The meaning of “culture” is elusive. For this context, let’s define culture as the accepted accumulation of history, patterns, and behaviors in a particular group, passed down across generations. Culture is people and their total way of life -everything we think, say, do. What we punish, what we reward. Our beliefs, attitudes, feelings, habits, language, relationships, values and worldviews.
It’s natural to expect, and easy to notice, cultural differences amidst the challenges of establishing home and work and learning to live amongst others in a new country, because people who move abroad face a number of adjustments all at once. Some people experience it as an aura of glamour. Others find anticipation more delicious than the reality, and the whole thing threatens to jump the tracks. Some believe culture shock is merely an over-rated excuse for various incompetencies. Tasks, abilities, and beliefs previously taken for granted are abruptly challenged. Simple things become difficult and everything takes longer. Commiserating about adjustment issues is a convenient conversational topic when meeting new people and depending upon the interaction, it can be a way to grumble, to keep things superficial, or a point of true sharing and learning.
Cultural conflicts occur commonly, whether in one’s home country or abroad. My clients often express astonishment about encountering cultural differences amongst people of their own nationality. Recently, a client from a major U.S. city remarked about finding as many or more cultural surprises with citizens from different areas of North America as from Colombians. Likewise, Colombians who have lived elsewhere for years and are returning, as well as clients from other South America countries, are also often inquisitive. Regional characteristics vary, no matter the locale.
There is perceived calm in living amongst people we feel are kindred spirits who share our opinions, but we carry our own cultural baggage with us, and being true to one’s personal standards, ethics, and values demands intercultural skill anywhere. Cultural differences are ever-present, even though we may not readily identify them as such.
Consider the cultural changes you’ve already experienced: you moved out of your parents’ home; held a job; university, with various professors having different requirements; changed colleagues, employment or boss. You visited friends, married, became acquainted with others, some of whom held different beliefs, values, traditions, or different levels of expectation and acceptance than your family of origin. Having children alters perspectives, just as does retirement.
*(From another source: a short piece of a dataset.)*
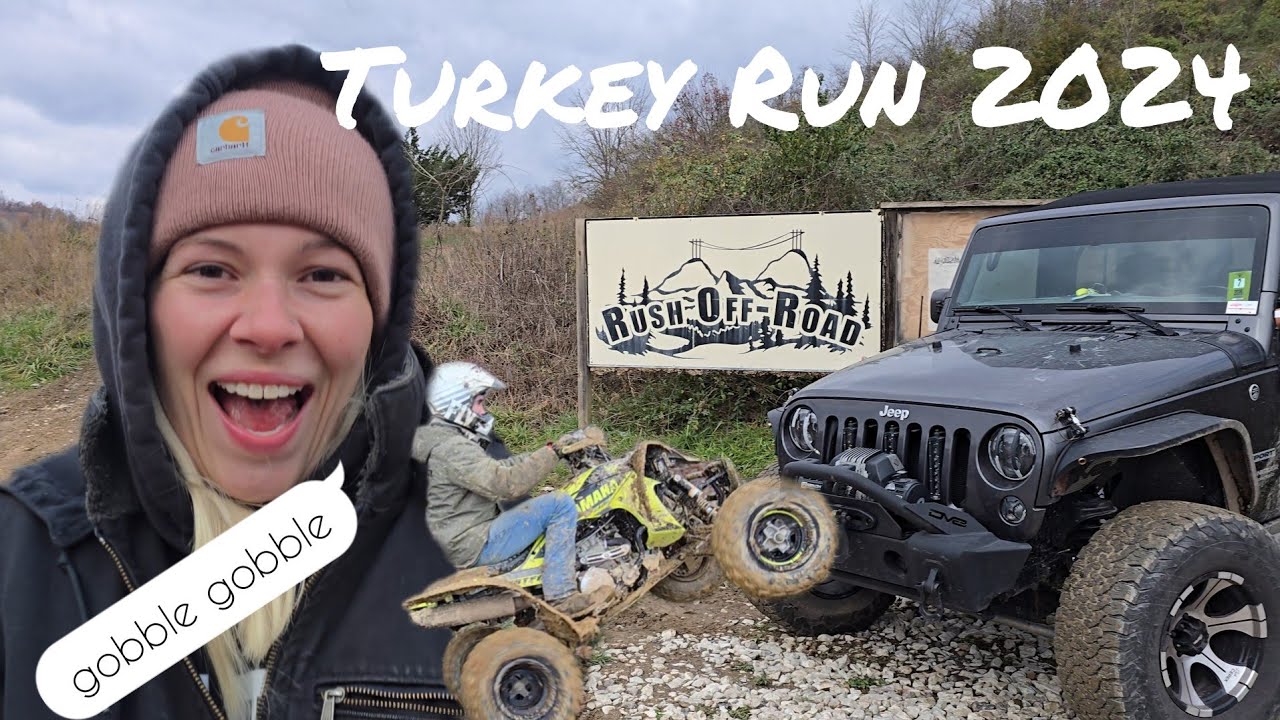 Turkey Run at Rush Offroad 2024
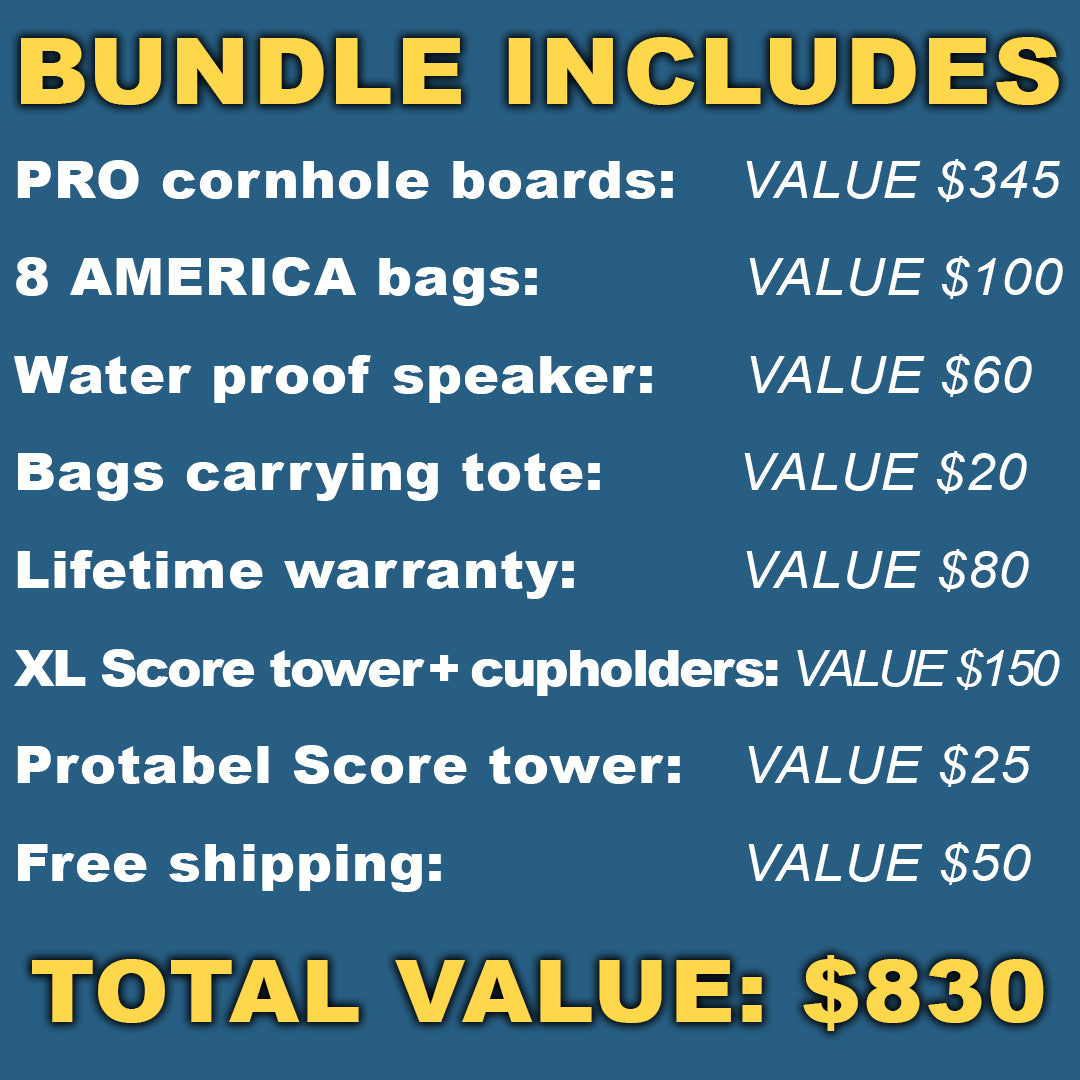 Patriotic 4th Of July Limited Bundle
Different ages and stages of life bring different cultural adjustments, even if we never change neighborhoods.
Every culture has positive and negative aspects. As with other life choices, living in a different country can bring enrichment, intellectual stretching, heightened consciousness of self and others – or it can be disastrous. Expatriates who report the most successful experience are those who continue to learn, explore, and be respectful of their new surroundings, while retaining – and expanding – their own identity.
The quality of our experience will improve the more we learn and understand local culture. Turning the unknown into the meaningful, the strange into the familiar, and the mysterious into the enjoyable takes conscious intentions, good advice, understanding, and practice. There are skills to learn, attitudes to nurture, and help available for the process. It’s been said: “All people are the same; it’s only their habits that are different.” How to get used to, and live with, other people’s beliefs, habits and behavior is what it’s all about.